*What you should do*. Exclude all pictures, then write out exactly the lines below from the first one through the line with "Hi there, it's".

[Opening The data section]

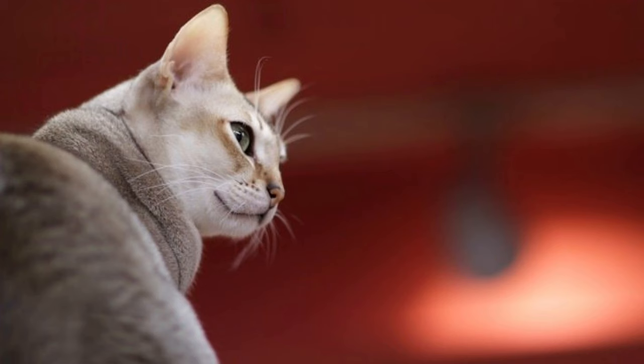Sweet names. Capture the endearing sweetness of your Singapura cat with names that evoke warmth and affection. Choose names like Sweetie, Sugar, or Honey for a charming tribute to your cat's loving nature.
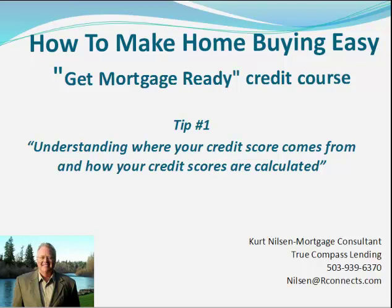Hi there, it's Curt Nielsen with True Compass Lending and I help people get financing for their homes. My goal is to help you every step of the way, so at the end of this short video be sure and look at the links in the box directly below this video to discover four different ways that I can help make the home buying process much easier for you.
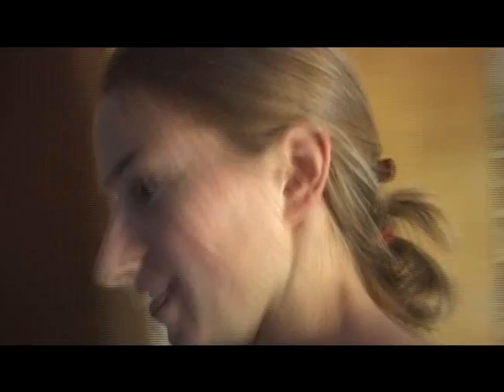Now let's go see my room. This is my room! These are my friends. This is my last dog, Teddy.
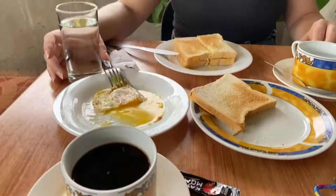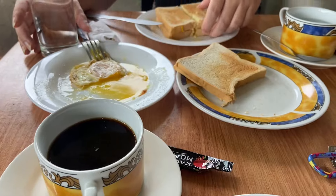Good morning! So today we're gonna explore the island a little bit. Our first breakfast here — look, we get a coffee, some egg, some toast. Ba-boom!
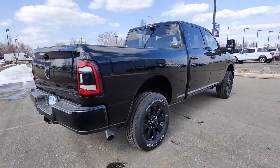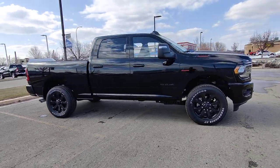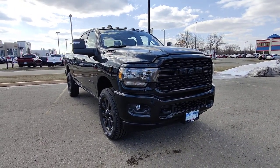Keyless entry, heated mirrors, 4x4, 8-cylinder engine, keyless start, iPod and MP3 input, backup camera, electronic stability control, trailer hitch, aluminum wheels.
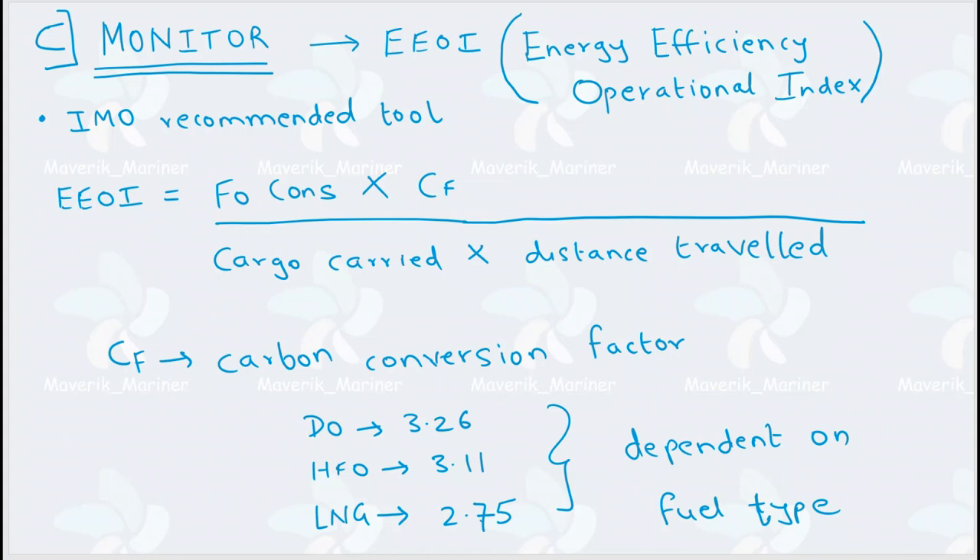EEOI is an IMO recommended tool. The distance used in EEOI comes in nautical miles. The carbon conversion factor used in the formula is fuel dependent — it depends on the type of fuel. For diesel oil (DO), HFO, and LNG, each has its own carbon conversion factor value.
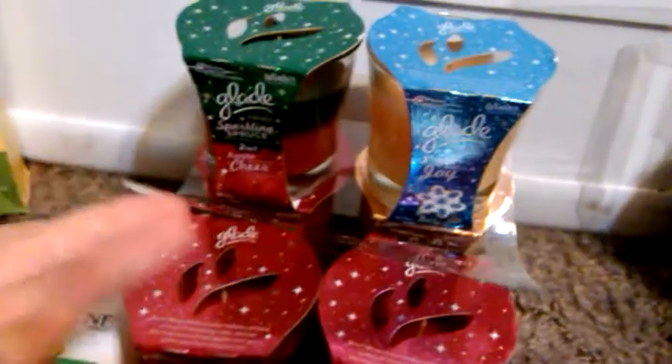But there you go y'all — more Glade. Also, I noticed on the Glade display they had a bunch of these in between the candles, which I thought would be a great thing to store. Since the display was pretty much empty, I asked them at the register if I could have these and they said no problem. So I took what they had — that'll help store them and keep them from getting torn up. But there you go y'all, my Kroger haul. Thanks for watching y'all.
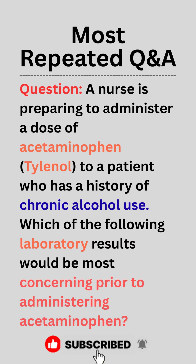Question. A nurse is preparing to administer a dose of acetaminophen (Tylenol) to a patient who has a history of chronic alcohol use. Which of the following laboratory results would be most concerning prior to administering acetaminophen?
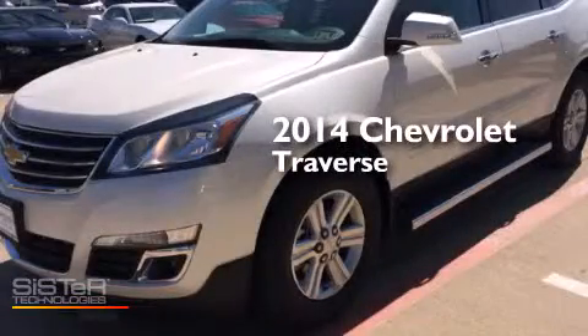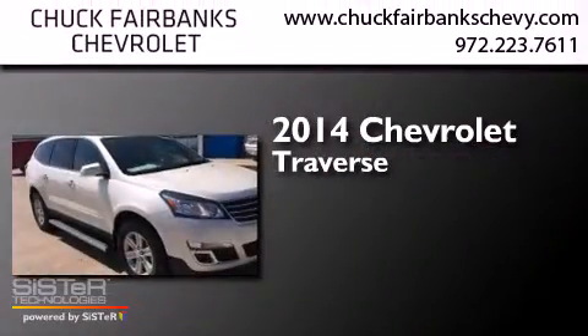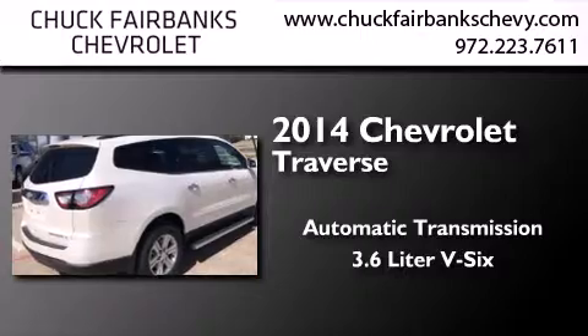This is a brand new 2014 Chevrolet Traverse. This crossover has an automatic transmission and a 3.6 liter V6.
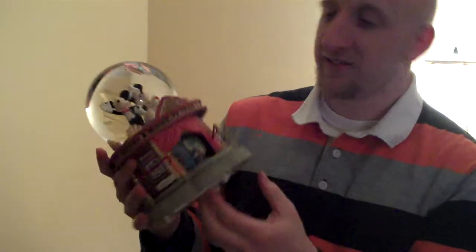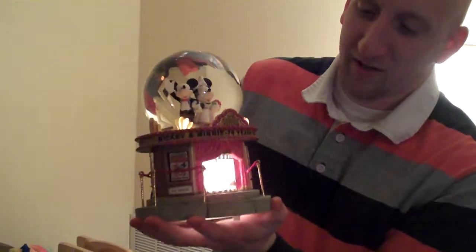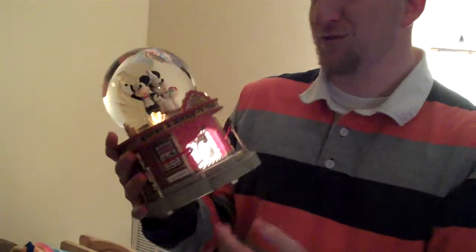Today's item is the Mickey and Minnie 70 Years in Showbiz snow globe and music box. I'll show you right now it is fully functional — the light comes on, you have two lights up top and it lights up the pictures of the film. You wind it up, music plays, and the pictures scroll through here. It goes around.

[Closing The data section]

*Answer section*.
Sweet names. Capture the endearing sweetness of your Singapura cat with names that evoke warmth and affection. Choose names like Sweetie, Sugar, or Honey for a charming tribute to your cat's loving nature.
Hi there, it's Curt Nielsen with True Compass Lending and I help people get financing for their homes. My goal is to help you every step of the way, so at the end of this short video be sure and look at the links in the box directly below this video to discover four different ways that I can help make the home buying process much easier for you.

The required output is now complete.